Der Ansatz ist gut, nur ist Wasser vielleicht das falsche Medium.


----------



## px2 (15. Juni 2008)

*AW: Wasserkühlung für 3D-Mikrochips*

denke man würde hier "einfach" einen Isolator als Wärmetransporter verwenden müssen. 

Das Konzept an sich klingt vielversprechend, aber ich denke nicht das es sinnvoll ist eine Flüssigkeit in nem elektrischen Stromkreis zur Kühlung zu nutzen. Überlegt mal, warum haben die Mainboardhersteller wohl keine Elektrolytkondensatoren mehr auf den Mainboards verlötet. 

Weil wenn einer von den Elkos defekt ist ist das ganze board im Eimer, und so halt nur ein Kondensator den man relativ einfach austauschen kann


----------



## General Quicksilver (15. Juni 2008)

*AW: Wasserkühlung für 3D-Mikrochips*



px2 schrieb:


> denke man würde hier "einfach" einen Isolator als Wärmetransporter verwenden müssen.
> 
> Das Konzept an sich klingt vielversprechend, aber ich denke nicht das es sinnvoll ist eine Flüssigkeit in nem elektrischen Stromkreis zur Kühlung zu nutzen. Überlegt mal, warum haben die Mainboardhersteller wohl keine Elektrolytkondensatoren mehr auf den Mainboards verlötet.
> 
> Weil wenn einer von den Elkos defekt ist ist das ganze board im Eimer, und so halt nur ein Kondensator den man relativ einfach austauschen kann



Ich bin mir da nicht ganz sicher, aber die verbauten Kondensatoren sind eventuell auch Elkos, nur das das Elektrolyt nicht Flüssig sondern fest/gelartig ist....


----------



## X_SXPS07 (16. Juni 2008)

*AW: Wasserkühlung für 3D-Mikrochips*

Wenn man es gut genug isoliert dann dürfte es doch funktionieren, allerdings ist das mit der Isolation so eine Sache schließlich soll die Hitze noch gut durch kommen...das wird noch ein paar Jahre dauer bis das fertig ist, aber dann wird es geil (und wahrscheinlich auch nötig wenn sich die Entwicklung so anschaut)


----------



## px2 (17. Juni 2008)

*AW: Wasserkühlung für 3D-Mikrochips*



General Quicksilver schrieb:


> Ich bin mir da nicht ganz sicher, aber die verbauten Kondensatoren sind eventuell auch Elkos, nur das das Elektrolyt nicht Flüssig sondern fest/gelartig ist....

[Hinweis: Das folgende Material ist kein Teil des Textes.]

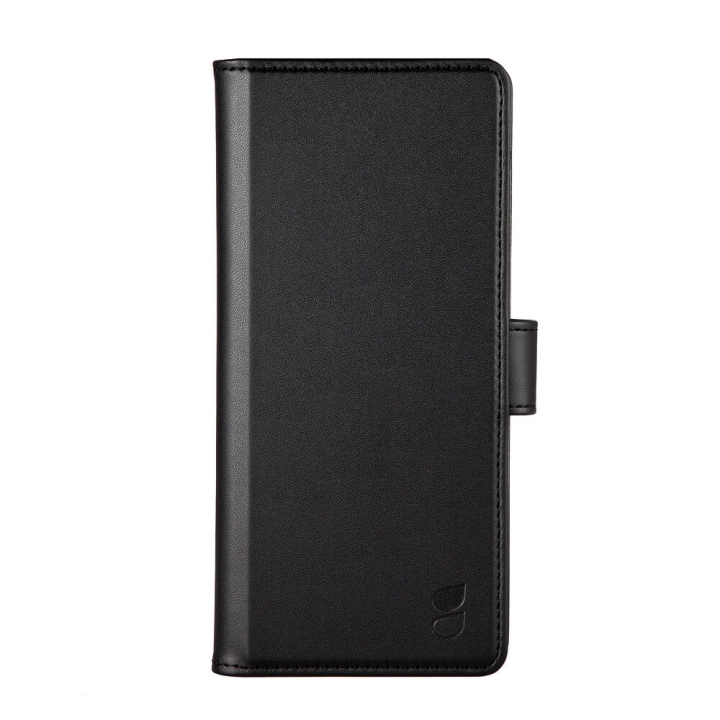 Gear Mobilfodral 3 Kortfack svart - Samsung S10 Lite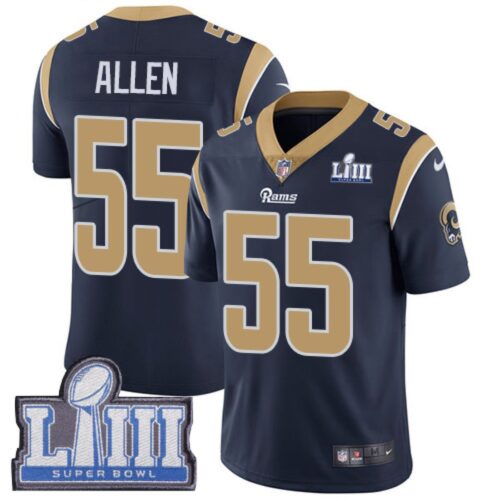6861e49690879_1 Men's Los Angeles Rams #55 Brian Allen Navy Blue Super Bowl LIII Vapor Untouchable Limited Stitched NFL Jersey
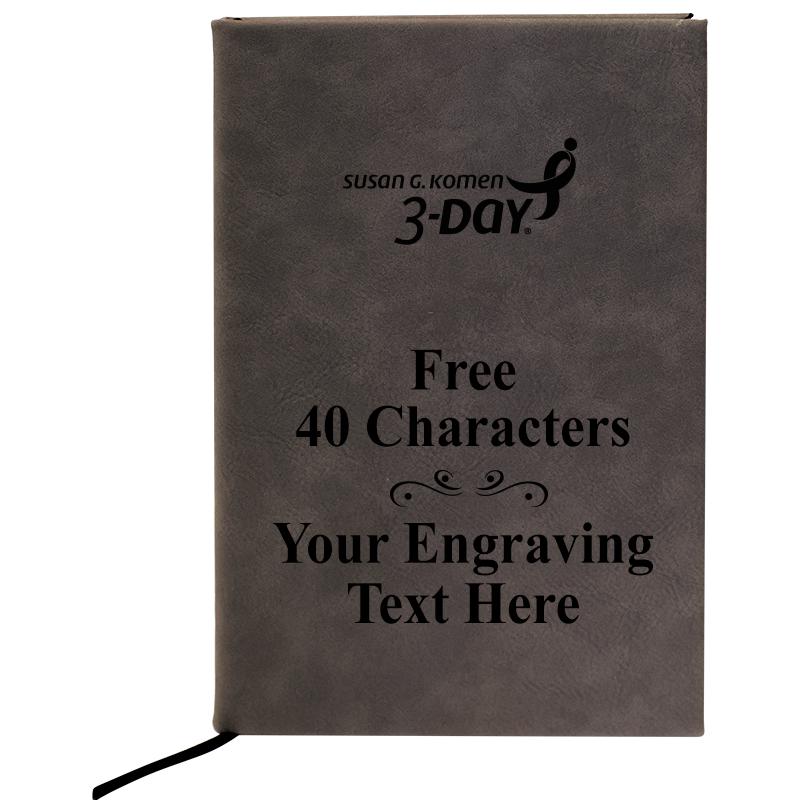 8" INSPIRE LEATHERETTE JOURNAL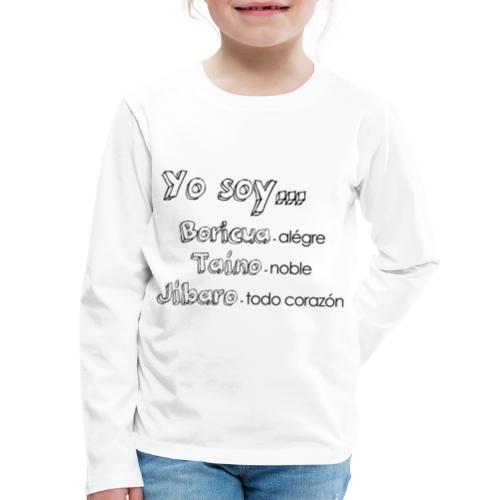 Yo Soy - Kids' Premium Long Sleeve T-Shirt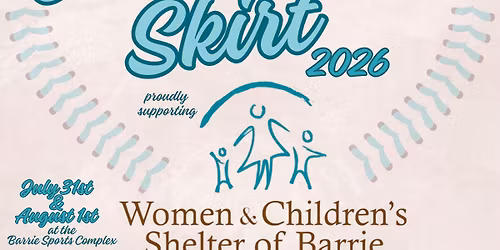 Dirt in the Skirt Barrie!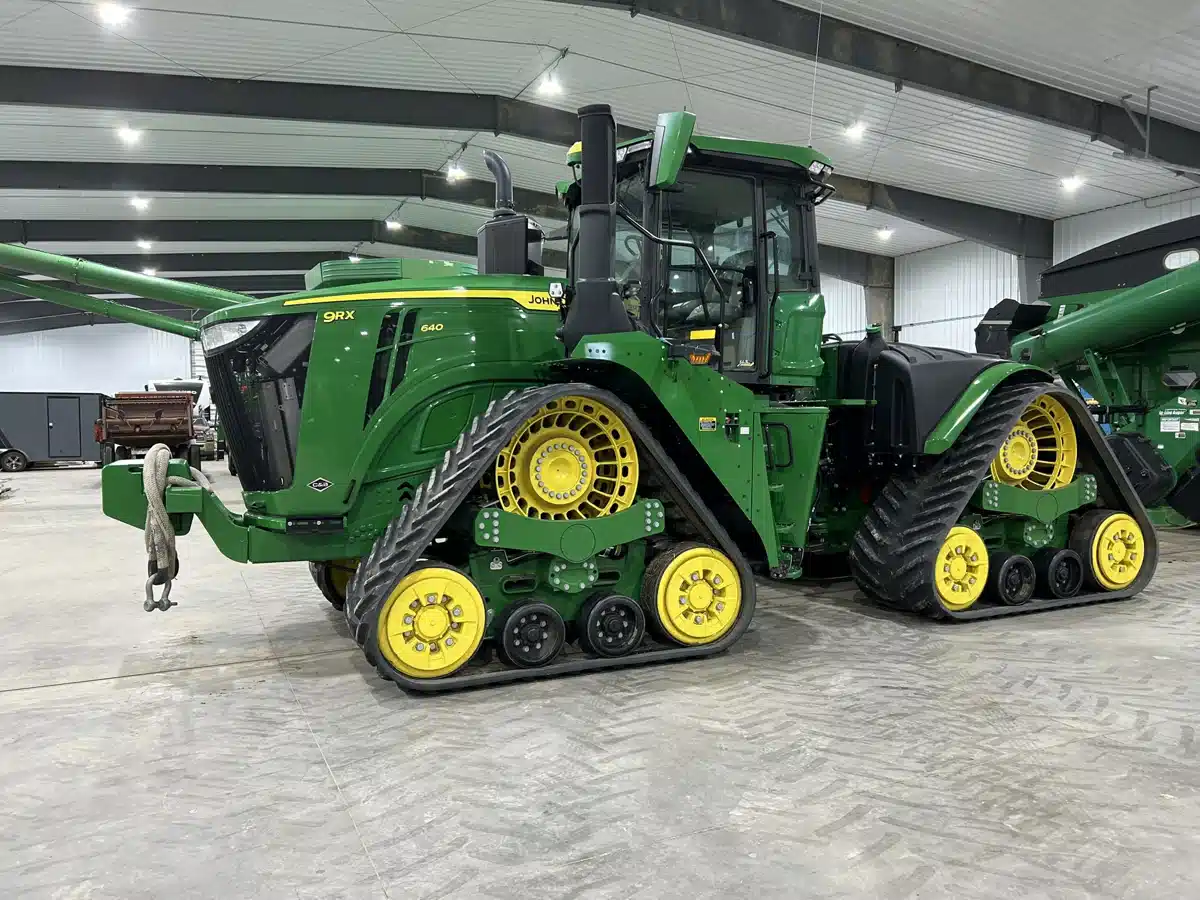 Gallery image 2 for 2022 John Deere 9RX 640 Tractor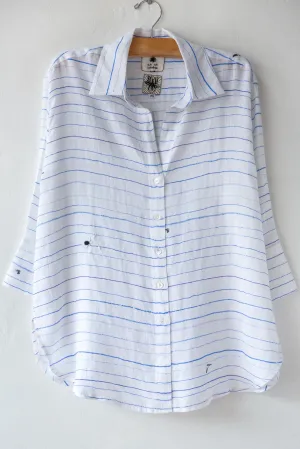 Linen Summer Blouse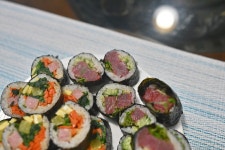 집에서 심플하게 해먹는 김밥참치말이 그리고 떡국ㅎ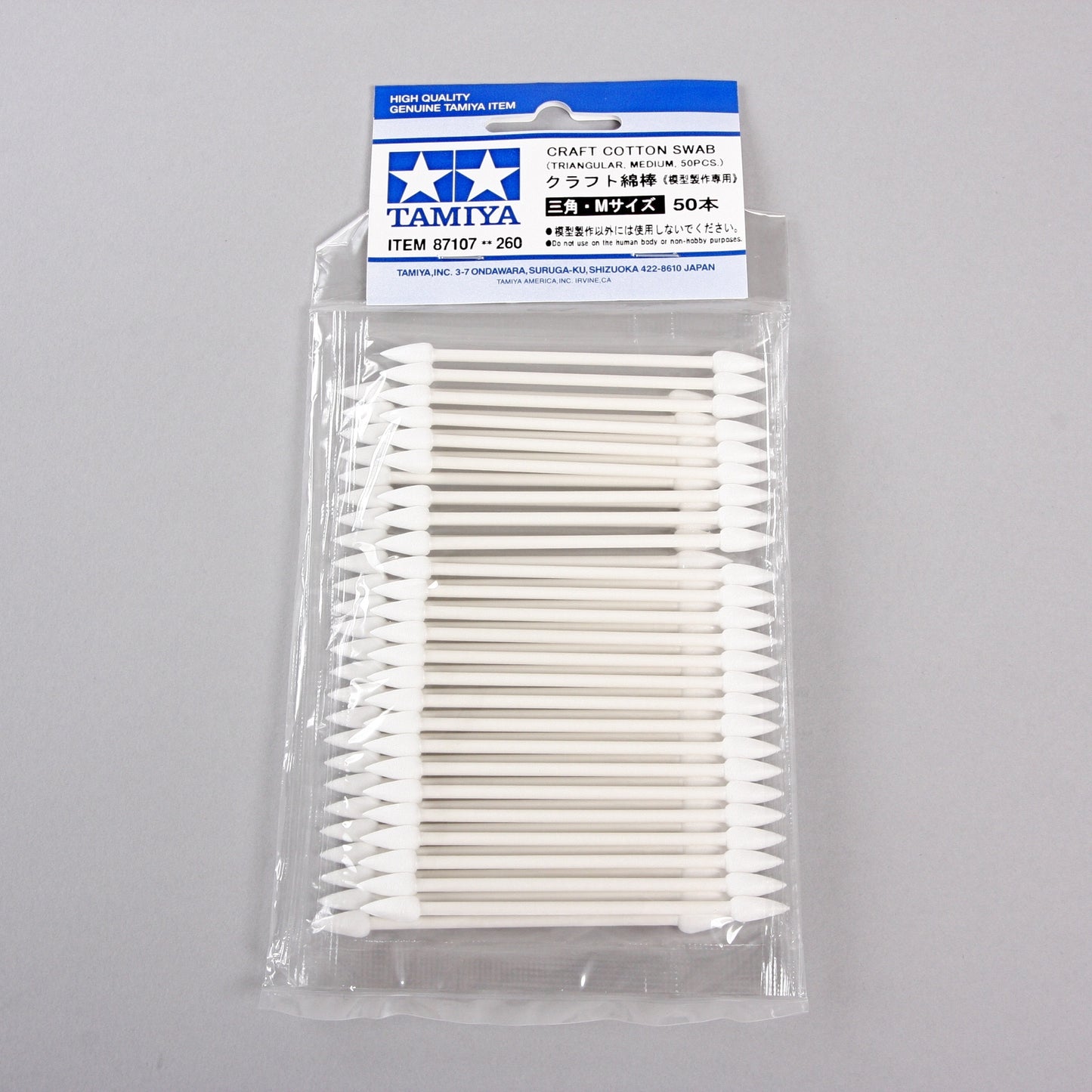 Tamiya Craft Cotton Swab Triangular/M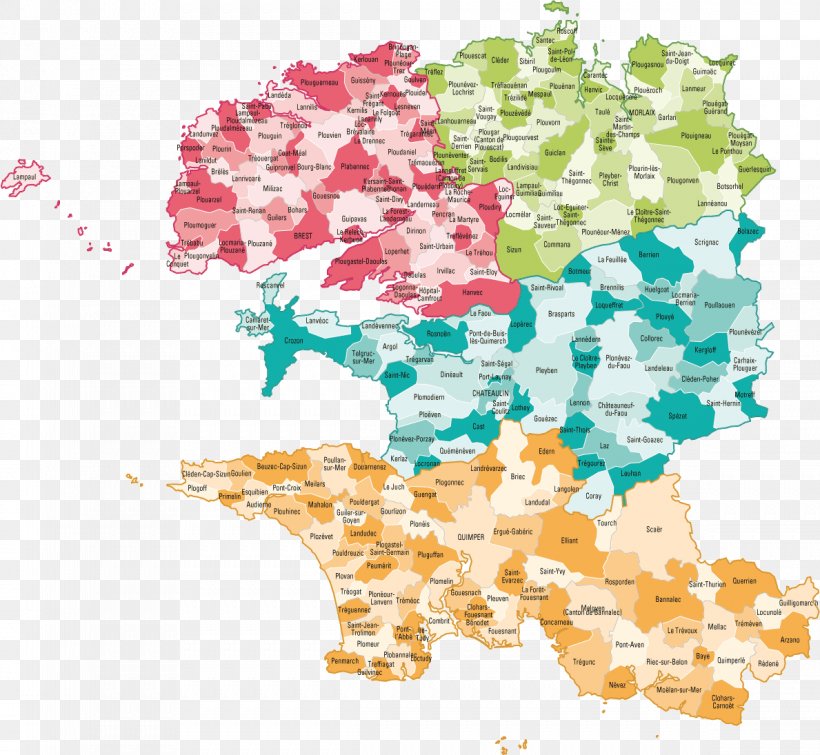 Coray Châteauneuf-du-Faou Map South Departments Of France, PNG, 1189x1095px, Map, Border, Brittany, Departments Of France, Finistere Download Free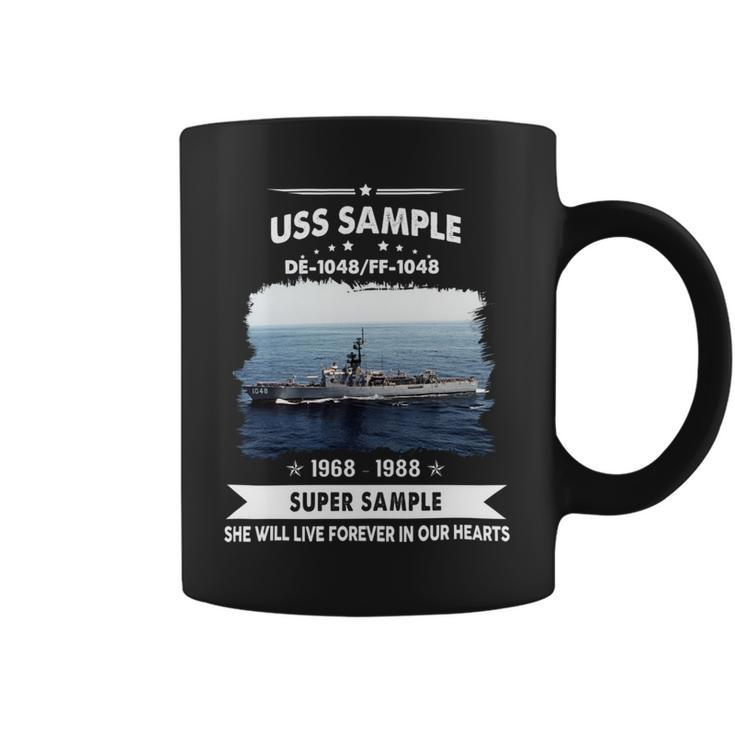 Uss Sample Ff 1048 Coffee Mug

ok dann ists vielleicht auch ein elko aber es befindet sich keine flüssigkeit darin, was ja das problem ist. 


Und wenn man in nem microship eine waserleitung legt, hat die ja auch nicht unbedingt gleich ne 1cm dicke wand, sprich wir reden hier von ein paar µm wanddicke, wenn überhaupt.

Was wiederrum heißt, man müsste mit extrem geringen druck da reinfahren, ansonsten hast schneller nen rohrbruch als dir lieb ist, und dieser geringe druck führt wiederrum unweigerlich zu einer geringen Wasserdurchflussmenge.

Dies führt dann wiederrum zu nem Wärmestau in der CPu selbst. 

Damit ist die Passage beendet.